Elena dell'Agnese, Daniel Delatin Rodrigues (a cura di)
Re(l)-azioni
DOI: 10.1401/9788815410795/c7

Capitolo settimo Neo-rurali e neo-contadini in Val Maira
di Alessandro Carucci

Notizie Autori
Alessandro Carucci ha conseguito il dottorato in Sociologia applicata e metodologia della ricerca sociale presso l’Università di Milano-Bicocca (ciclo XXXII) con uno studio etnografico sul neo-ruralismo nel territorio della Valle Maira (CN). Successivamente, ha preso parte al gruppo di lavoro Aree interne e spazi rurali del Dipartimento di Sociologia della medesima università con una ricerca focalizzata sulle trasformazioni avvenute nel modello di sviluppo recente della Val Maira, dove oggi vive e lavora.
Il presente capitolo si propone di prendere in considerazione le nuove forme di relazione con il territorio rese possibili da scelte di vita innovative che vedono singoli, coppie e famiglie prediligere come luoghi di residenza quei territori rurali – montani nel caso del presente lavoro – inquadrabili come «margini» alla luce delle diverse forme di deprivazione e rarefazione (demografica, socioeconomica, culturale ecc.).
Scelte di vita di soggetti che in letteratura vengono riconosciuti con il termine di «neo-rurali» alla luce della scelta di residenza in contesti di campagna e montagna, ma non direttamente in ragione dell’attività lavorativa praticata.
Neo-rurali risultano così anche coloro che pur risiedendo in tali contesti territoriali continuano ad avere occupazioni in altri settori produttivi non direttamente legati al rurale (impiegati nel secondario e nei servizi, creativi, artisti ecc.).
Coloro che scelgono di intraprendere attività (e instaurare relazioni) direttamente dipendenti dalle risorse dei territori di campagna/montagna (quali quelle inquadrate nel settore primario dell’agro-silvo-pastorale, eventualmente integrate in multifunzione con ricettività e ospitalità) divengono in maniera più specifica neo-rurali neo-contadini (neo-pastori, neo-agricoltori ecc.).

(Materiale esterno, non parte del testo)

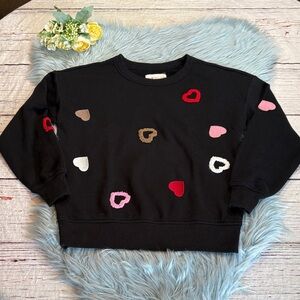 LOFT Lou & Grey Heart Cozy Cotton Terry Sweatshirt sz XSP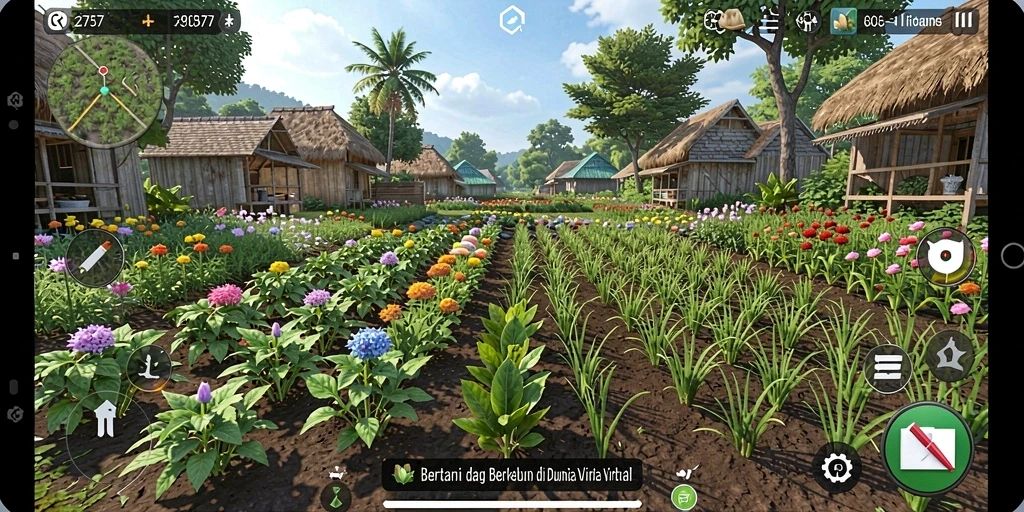 Screenshot gameplay yang menunjukkan ladang subur dan hewan ternak.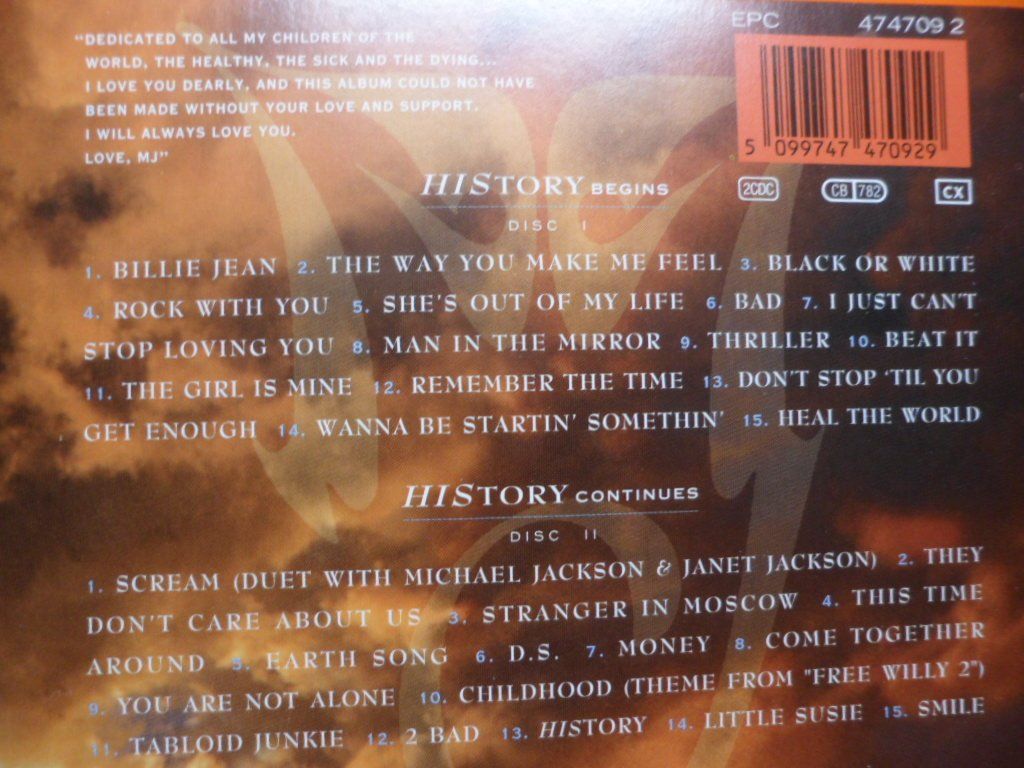 CD: MICHAEL  JACKSON   History    2 CD – Usato da Langnau i. E. venduto da gf2_29jt 3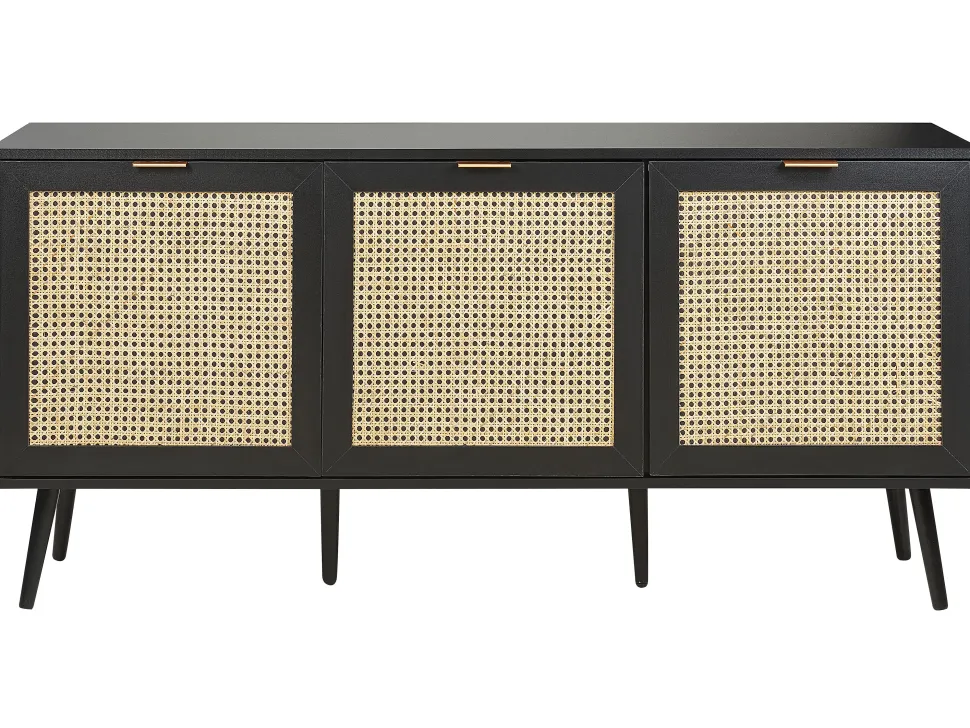 Sideboard Rattan Schwarz / Beige 3 Turen 150 X 40 X 71 Cm Opoco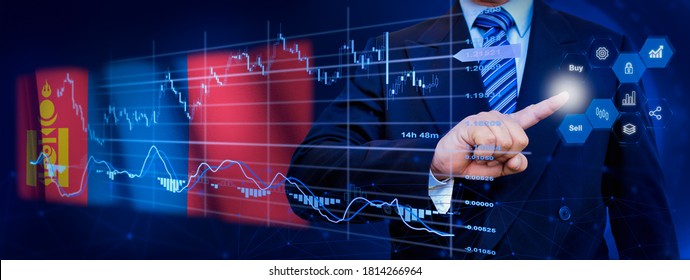 Businessman touching data analytics process system with KPI financial charts, dashboard of stock and marketing on virtual interface. With Mongolia flag in background.
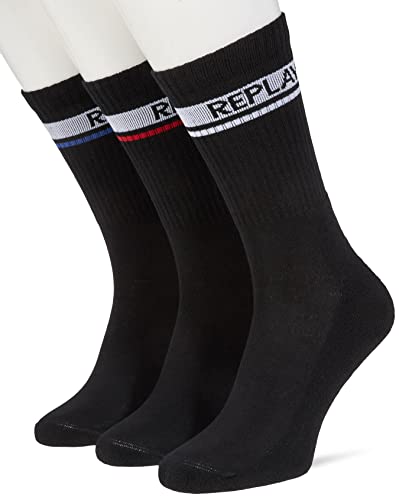 Replay Herren Ten-2-Leg Socken, Black/Logo Ass Colours, 39/42 von Replay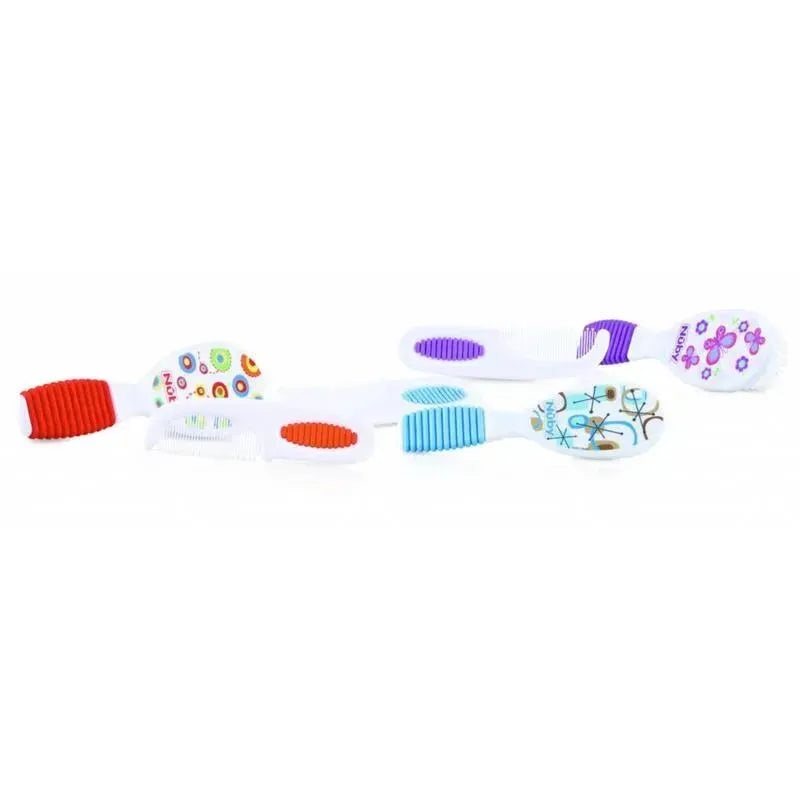 Nuby Hard & Soft Comb & Brush Set – Colors May Vary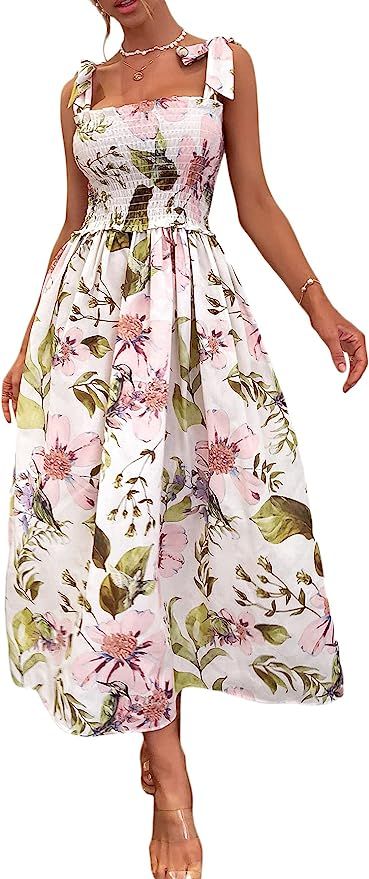 Floerns Women's Floral Print Tie Strap Square Neck Ruffle Boho Maxi Dress | Amazon (US)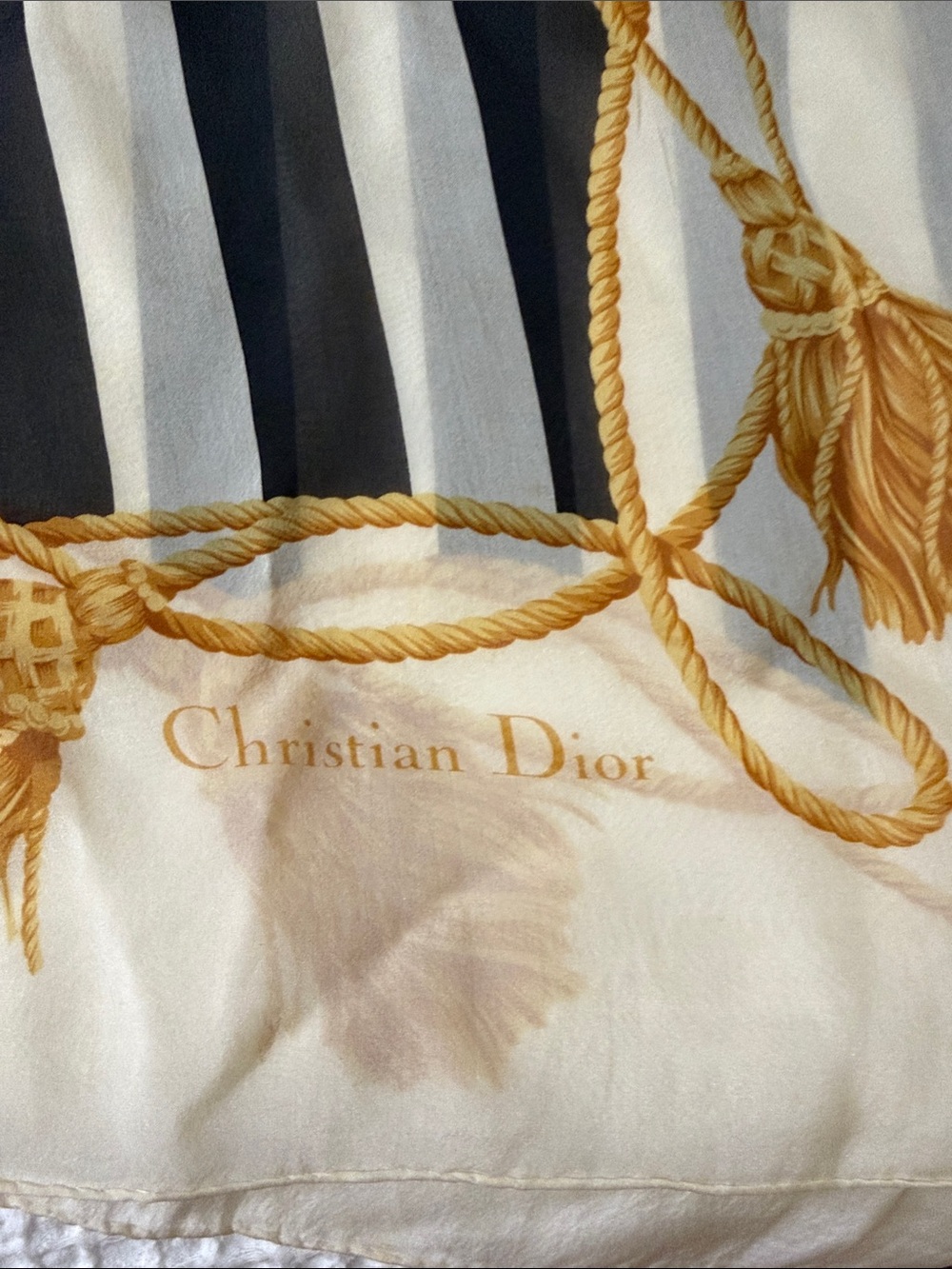 Christian Dior Sheer Silk Scarf in Black, Cream & Gold Tassel Motif ( final sale - Picture 2 of 4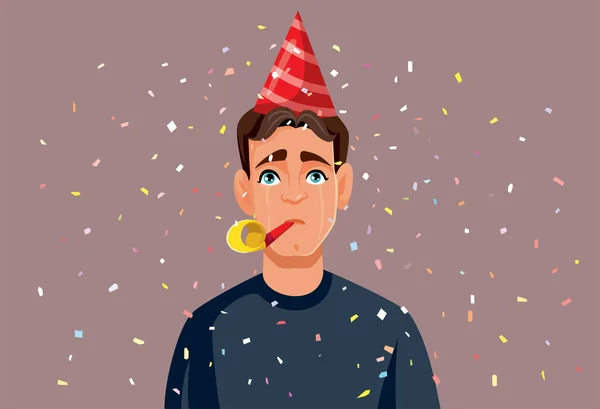 Sad Man Celebrating Party Blower Vector Cartoon — Vettoriale Stock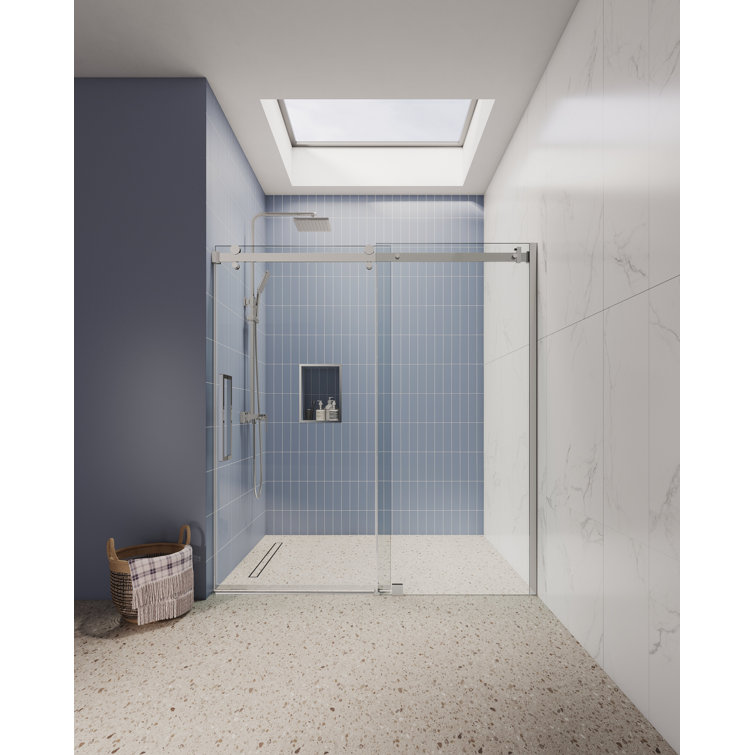 Chrome Frameless Sliding Shower Door with Clear Tempered Glass
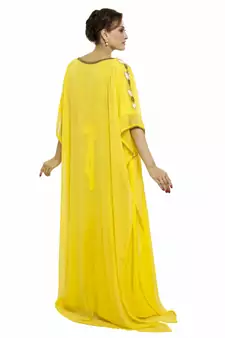 Yellow Gandura Moroccan Arabic Traditional Party Thobe Kaftan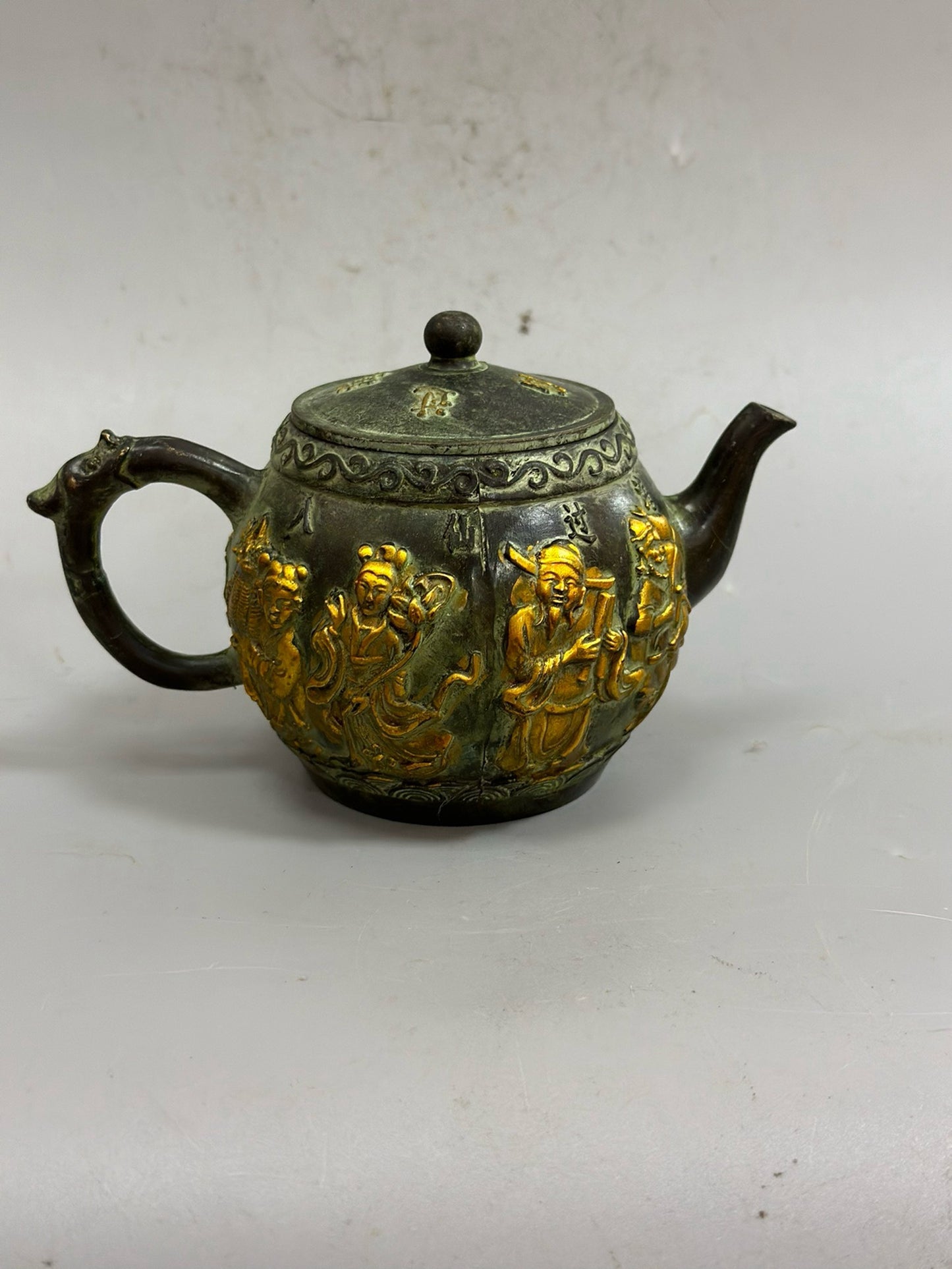 Pure copper antique gilded Eight Immortals Pot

Il capitolo si focalizza propriamente su quest’ultima tipologia, e più specificamente sui neo-rurali neo-contadini conosciuti e osservati presso il territorio della Val Maira, in provincia di Cuneo.
Esso è difatti il prodotto combinato della mia ricerca di dottorato in Sociologia applicata e metodologia della ricerca sociale (ciclo XXXII) dal titolo Neoruralismo in Val Maira. La montagna per un ripensamento degli stili di vita e della {p. 154}borsa di ricerca su fondi del Progetto di eccellenza all’interno del gruppo di lavoro «Aree interne e spazi rurali», entrambe svolte presso il Dipartimento di Sociologia e Ricerca sociale dell’Università di Milano-Bicocca.
Una ricerca di taglio marcatamente qualitativo condotta attraverso il metodo dell’etnografia, svolta con tecniche miste di osservazione partecipante e interviste semistrutturate, di cui si presenta un resoconto nelle pagine che seguono.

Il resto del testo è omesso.